Aucoin’s score juxtaposes a variety of evocative sounds — plinks, a clock-like syncopation, punctuating bangs (e.g., The Stones intone, “No one knocks at the door of the dead!” bang! “No one knocks at the door of the dead!” bang!) — that come along so quickly that it is difficult to be pulled in. There is a surfeit of rippling expansiveness. At one point, the melody of Eurydice’s core aria, sung by the eponymous character at the end of Act II, shimmers, then swells memorably, overlaid with Ruhl’s stirring lyrics: “This is what it is to love an artist… Inside his head, there is always something more beautiful.” The problem is, in Eurydice’s father-daughter rejiggering of the myth, the beautiful love story isn’t between Orpheus and Eurydice.

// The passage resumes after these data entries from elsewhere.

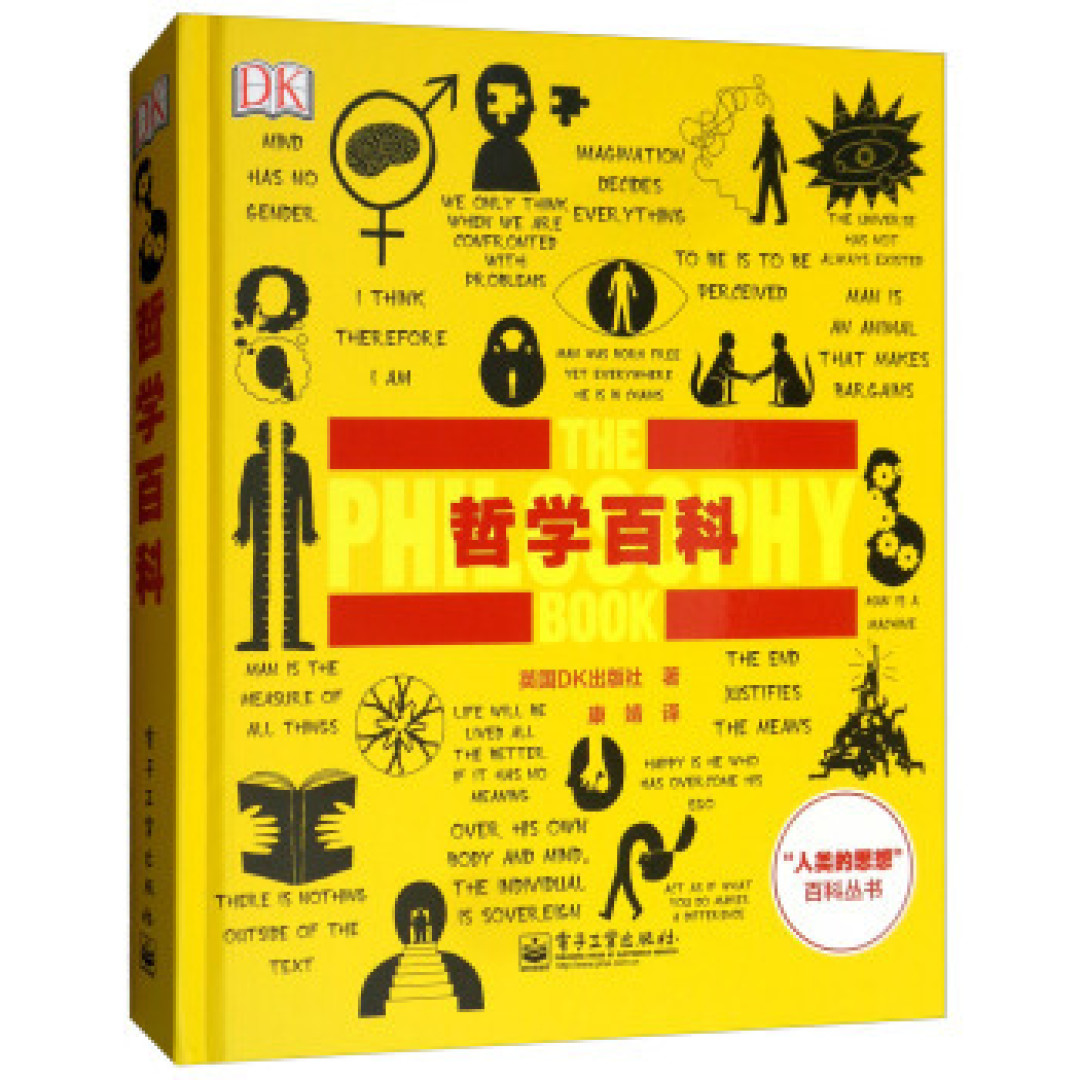 是时候充实后宫了!11个社科系列50本书,让你的认知水平吊打众人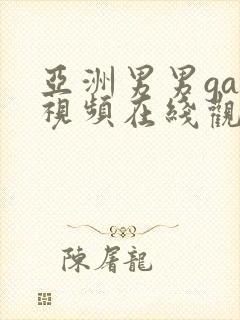 亚洲男男gay视频在线观看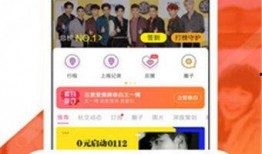 热点黑料在线免费观看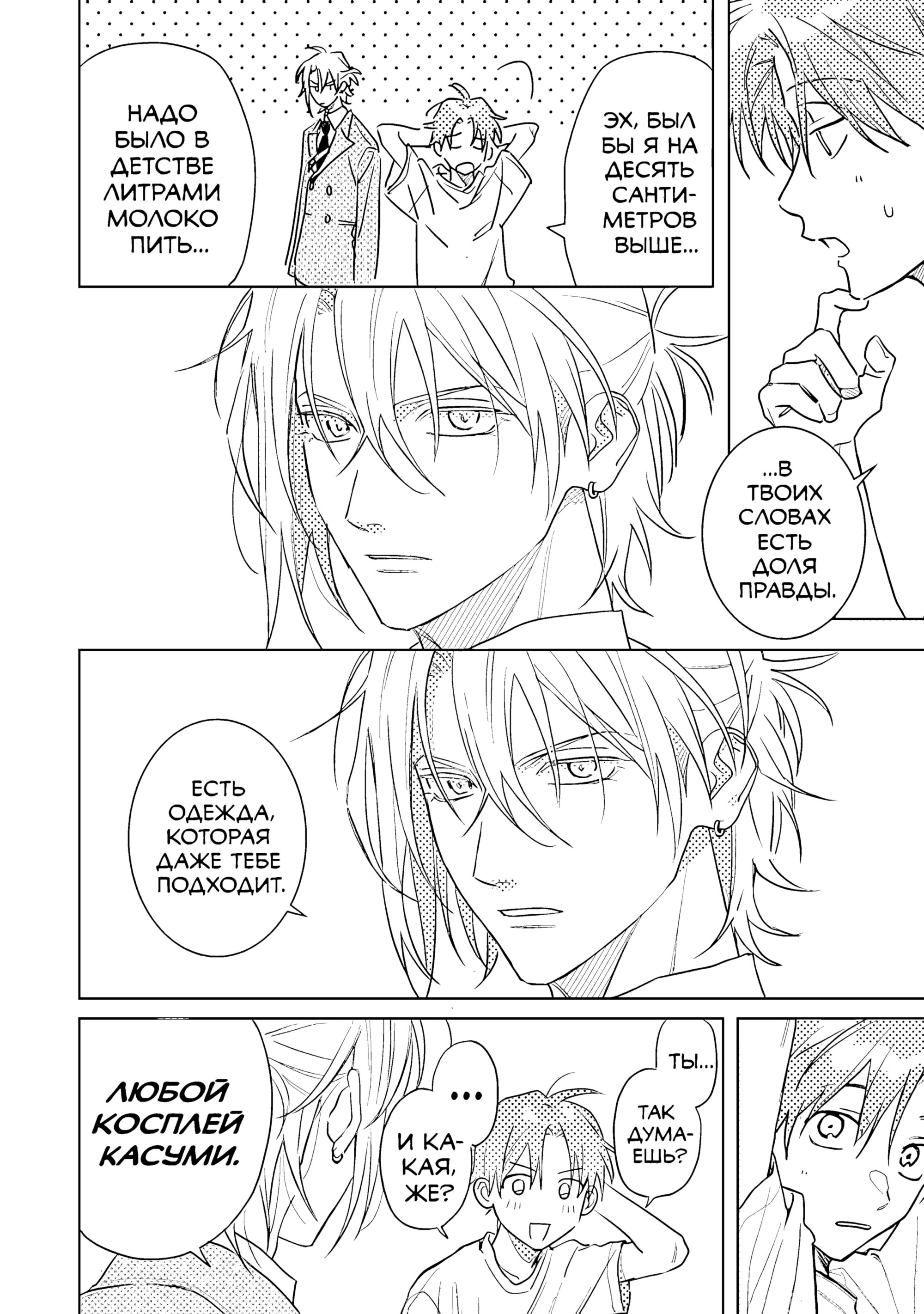 Манга Мой друг Тасиро-кун. - Глава 19 Страница 18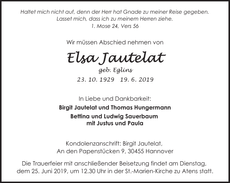 Announcement
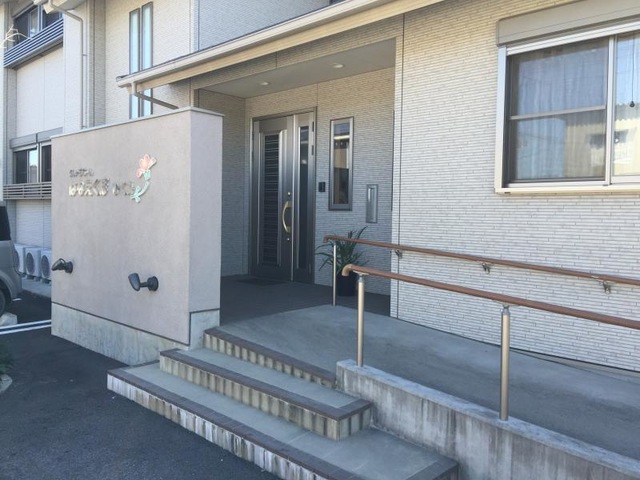 はなえくぼ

Melissa Rodman writes on the arts, and her work has appeared in Public Books and the Harvard Crimson among others.

3 Comments

  1. […] New York Opera Review: “Eurydice” – Not a Love Story But a Father-Daughter Dirge artfuse.org […]

  2. Zee on December 5, 2021 at 2:36 am

    This opera had a potential to be really great with its powerful instrumental score, excellent singers, and impressive production. Unfortunately, the vocal lines were monotonous – usually slow and dragging at the start and ending with a few fast notes. Worst of all, it was not clear what the modernized version of the story wanted to tell: that modern couples put their intellectual interests above love? That girls love their fathers more than husbands? Or these and many other things at the same time? A portrayal of Eurydice — in which the father is the most powerful character — is far from a reinterpretation of the ancient myth from Eurydice’s point of view as the librettist claims.

    • Ranger Jeff on December 9, 2021 at 6:28 pm

      I agree with you about the vocal lines, which made the opera about 30 minutes too long. The monotony was enhanced by the lack of recognizably repeated melody, though there were repeated harmonic progressions.

      But to me, the meaning of the reinterpretation was clear: Eurydice was not ALL women, but a young woman still emotionally too trapped by the passing of her father to participate fully in another love relationship. The possibility of Opheus/Eurydice being a mismatch from the outset was an intriguing takeoff from the classic, and a way to intensify the tragedy in an unexpected way.